## Exercise aim
Pictures in the material below are to be left out, and only the lines from the line with "Cartão De Visita" up to and including the line with "Hawaii Style Halloween" are to be written out exactly.

## Data in this exercise
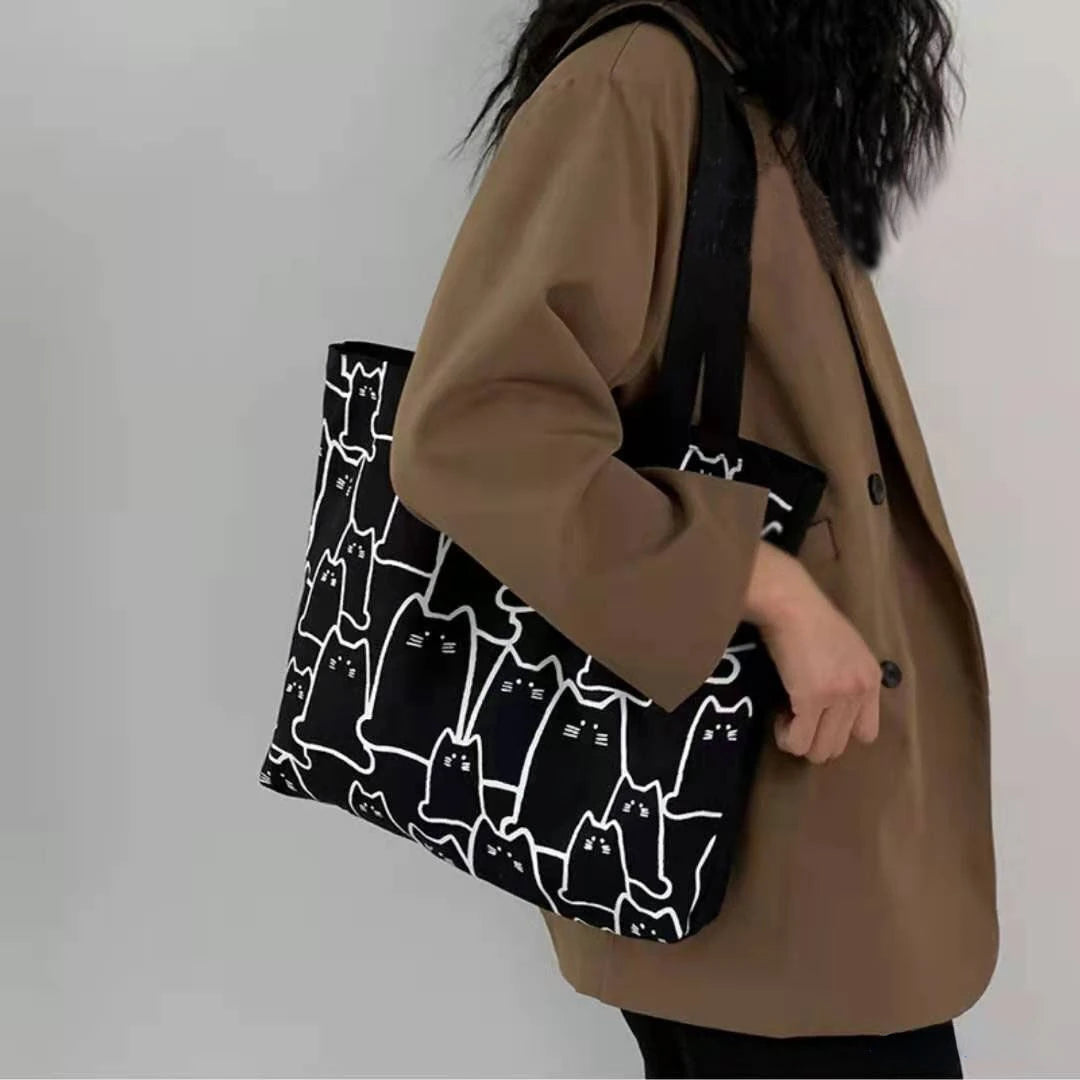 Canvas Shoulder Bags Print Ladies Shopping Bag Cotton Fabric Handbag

--

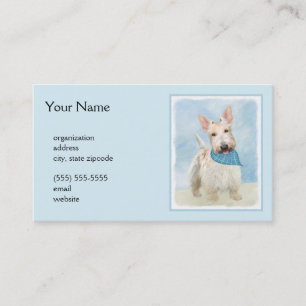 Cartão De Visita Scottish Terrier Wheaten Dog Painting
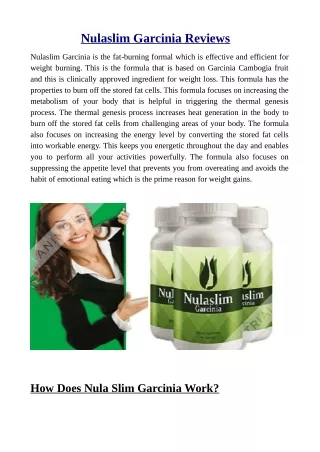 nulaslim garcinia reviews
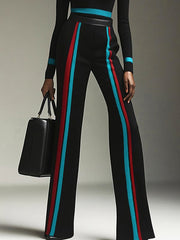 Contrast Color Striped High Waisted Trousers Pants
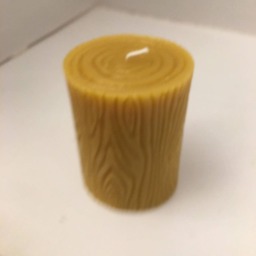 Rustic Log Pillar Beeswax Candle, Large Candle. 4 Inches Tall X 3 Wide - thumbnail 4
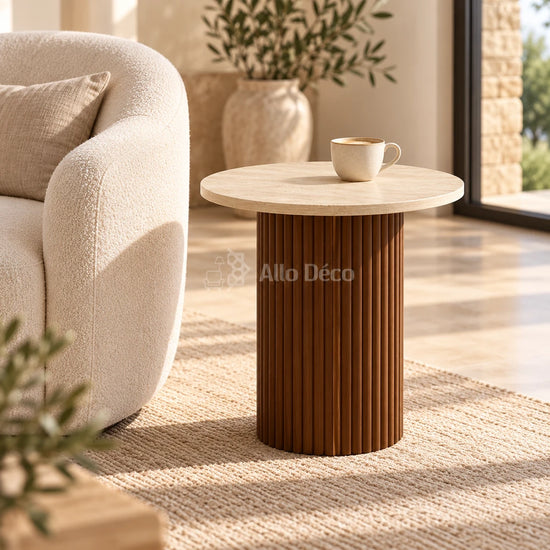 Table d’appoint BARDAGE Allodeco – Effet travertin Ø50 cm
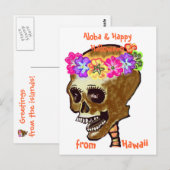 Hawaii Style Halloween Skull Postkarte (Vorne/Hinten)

## Written response
 Cartão De Visita Scottish Terrier Wheaten Dog Painting
 nulaslim garcinia reviews
 Contrast Color Striped High Waisted Trousers Pants
 Rustic Log Pillar Beeswax Candle, Large Candle. 4 Inches Tall X 3 Wide - thumbnail 4
 Table d’appoint BARDAGE Allodeco – Effet travertin Ø50 cm
 Hawaii Style Halloween Skull Postkarte (Vorne/Hinten)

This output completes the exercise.